Tuesday, August 17, 2010

Govett-Brewster love

Reasons why I loved the Govett-Brewster Art Gallery when I spent the day there on Sunday:

1. Yin Xiuzhen's 'China in Four Seasons' work currently on exhibition (I probably broke rules taking these photos in the first place and now I'm probably breaking more putting them on here, but oh well, surely when you're being really nice about someone they can't tell you off...)

This is one of the portable suitcase cities. Each suitcase city had a streetscape recording from each real city (I'm pretty sure this one is Melbourne) playing from underneath it. I'm a sucker for all things made miniature/small so these little fabric skyscrapers made me really happy.

I heard Melanie from the gallery talking about how this work is a reaction to China's one child policy; because each family is only allowed one child the expectations placed upon that child and the love and warmth they recieve can be overwhelming, like being smothered by a thousand scarves.

2. This khata scarf that visitors to the gallery have been invited to knit a few rows on. It is 88 stitches across, 88 being the Chinese number of double happiness, luck, and good fortune (so I was told). There is a huge list of people from all around the world who have knitted a row or two in various different (some very complicated and beautiful) stitch patterns of their choice and the scarf now measures 8.6 meters long. It's going to be auctioned for charity this Saturday.

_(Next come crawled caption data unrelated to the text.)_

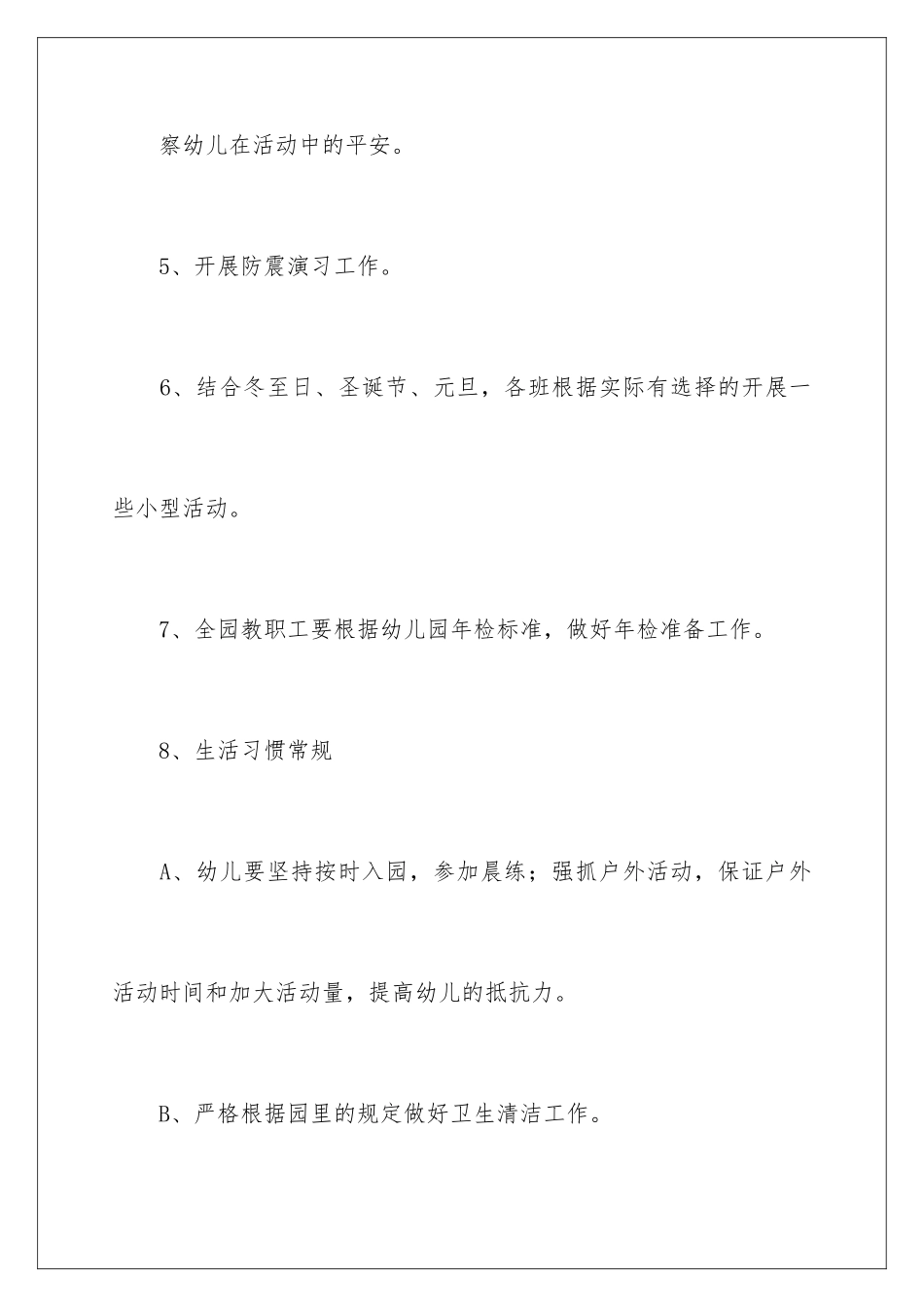 2024年幼儿园十二月份工作计划_第3页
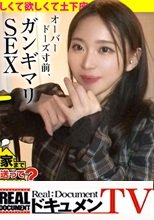 家まで送ってイイですか？case.235『チ●コ！チ●コチ●コ！チ●コチ●コチ●コ！』欲しくて欲しくて激しく土下座！【実家が北陸の大富豪！超ご令嬢アダルトモンスター！】⇒こんなキマった顔見たこない！オーバドーズ寸前ドーパミンMAXキメセク！⇒アンストッパブル！なんでも挿入！茄子…そして…⇒焦らし・極！挿入しないで脳イキ！言葉で号泣絶頂！⇒涙！驚愕初体験！あなたにとってチンチンとはなんですか？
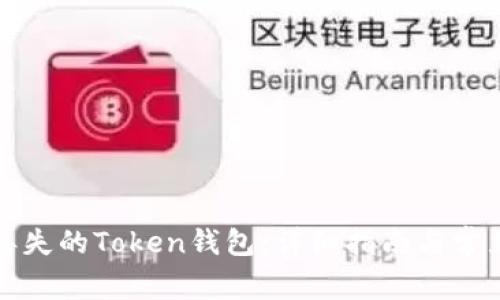 如何找回丢失的Token钱包：详细指南与常见问题解答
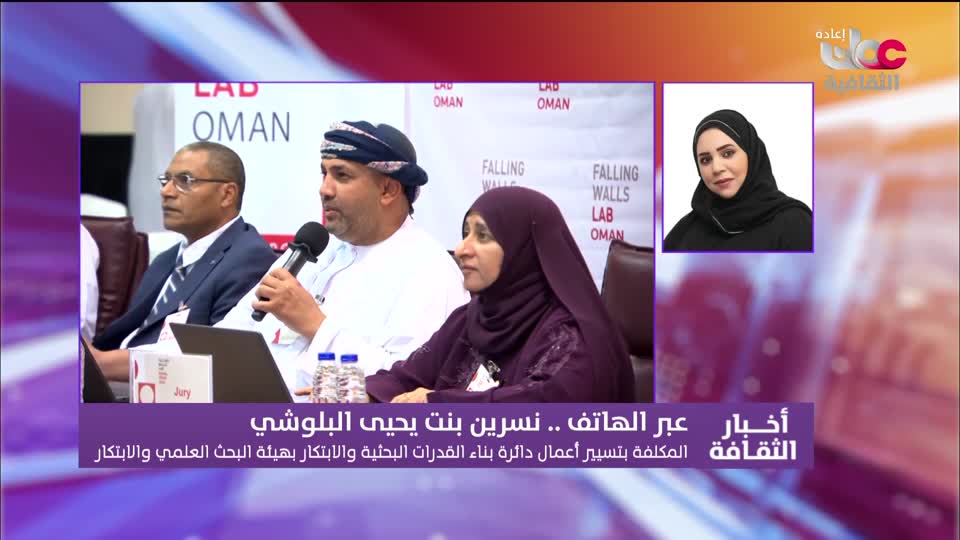 R2 برنامج / اخبار الثقافة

Tash and I knitting a row each - you can knit from both ends of the scarf

3. The exhibition currently on by Fiona Jack called 'Living Halls'. It's about New Zealand war memorial halls. It's fascinating to see how many tiny rural settlements built war memorial halls, many of which are no longer used and have fallen into disrepair. Fiona Jack invited people from around New Zealand to paint their local war memorial hall and there is a room full of paintings of halls.

Postcard from Fiona Jack: Living Halls exhibition. Photograph by Nigel Prickett

4. That the gallery's founding patron was Monica Brewster, who "envisaged a contemporary art museum of international standing that would offer a window to the world in the small coastal community of New Plymouth". Her maiden name was Govett and her married name Brewster.

5. That the gallery is "home to the Collection and Archive of pioneer filmmaker and kinetic artist Len Lye (1901–1980), one of New Zealand’s most ingenious and influential modern artists". I had heard of Len Lye but until I read about him at the gallery I had no idea how awesome he was. His idea of kinetic sculpture and movement as an art form is so beautiful: "One of my art teachers put me onto trying to find my own theory of art. After many early morning walks an idea hit me that seemed like a complete revelation. It was to compose motion, just as musicians compose sound. This idea was to lead me far, far away from...traditional art." It gives me a far greater appreciation of his Water Whirler on the waterfront here in Wellington.

All in all, the Govett-Brewster Art Gallery is an awesome place - there are many more reasons why I loved it but I won't go on and on. Basically, if you're ever in New Plymouth go to the Govett-Brewster. I would definitely love to go back.